Писатель развертывает эту культуру потребительских товаров и этикеток и типологию их обладателей в бесконечном разнообразии оттенков – от изысканных европейских талисманов, которыми тихо гордятся Дрожжинин или гроссмейстер (в рассказе "Победа"), и впечатляющих элементов экипировки "выездных" аксеновских героев (вроде калориферного свитера в "Рандеву") до "ряпушки томатной" Володи Телескопова и "апельсинов из Марокко", вызывающих бурю страстей в далеком геологоразведочном поселке. Четкой иерархической маркировки не избегают даже убогие, наидешевейшие вещи, достающиеся на долю персонажей неимущих, вроде нищего студента Виктора по прозванию Кянукук (повесть "Пора, мой друг, пора"), чья экипировка состоит из "штиблет за девять тридцать", "кубинской рубашки" и "китайских штанов".
Нет нужды говорить, что оттенки эти складываются в довольно-таки безрадостный, в конечном счете, комментарий к образу жизни и менталитету людей той памятной, уже далекой от нас эпохи.
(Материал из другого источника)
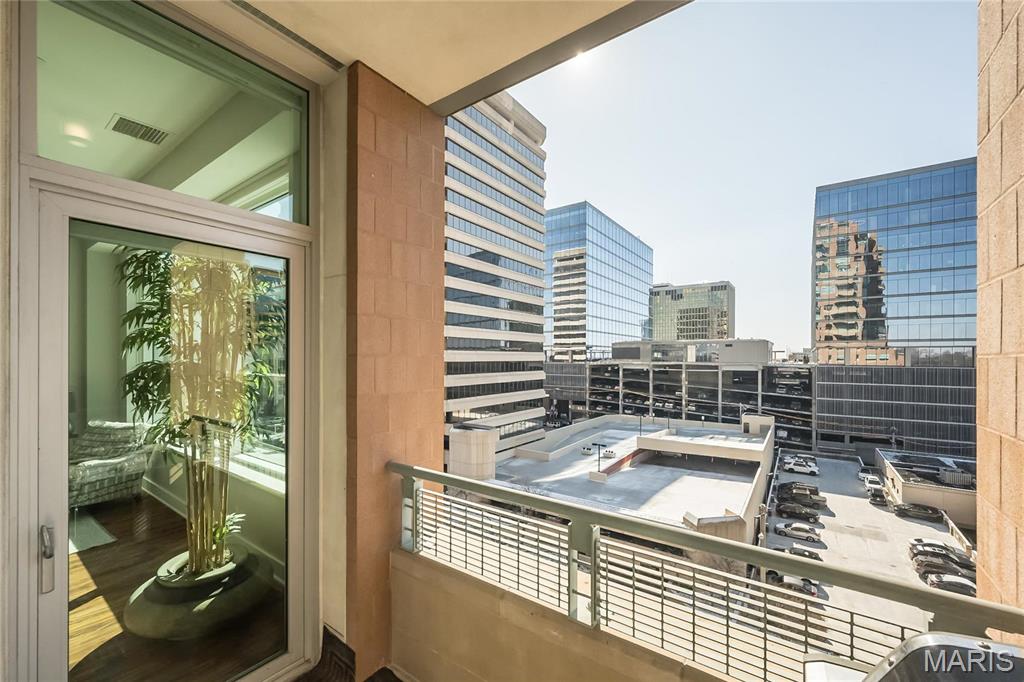 8025 Maryland Avenue Unit: 5G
…француз – викарий из швейцарского кантона Гельвеция. Однако викария больше, конечно, интересовали вопросы религиозно-философского порядка… (стр. 8). – Как указал комментатору автор, в фигуре этого викария, периодически сотрясающего мир новыми "интеллектуальными бурями", отразился Ж.-П. Сартр, с которым Аксенов и молодая интеллигенция его круга общались во время неоднократных приездов французского писателя и философа в СССР. В прозе Аксенова Сартр упоминается среди других знаменитостей, с которыми водят дружбу его разносторонние герои (как Малахитов в повести "Рандеву"). См. также примечания к 3-му сну Володи Телескопова.
Кантона Гельвеция не существует. Helvetia – латинизированное название Швейцарии, заменяющее (в основном на почтовых марках) четыре различных имени этой страны на ее четырех официальных языках (французском, немецком, итальянском и ретороманском).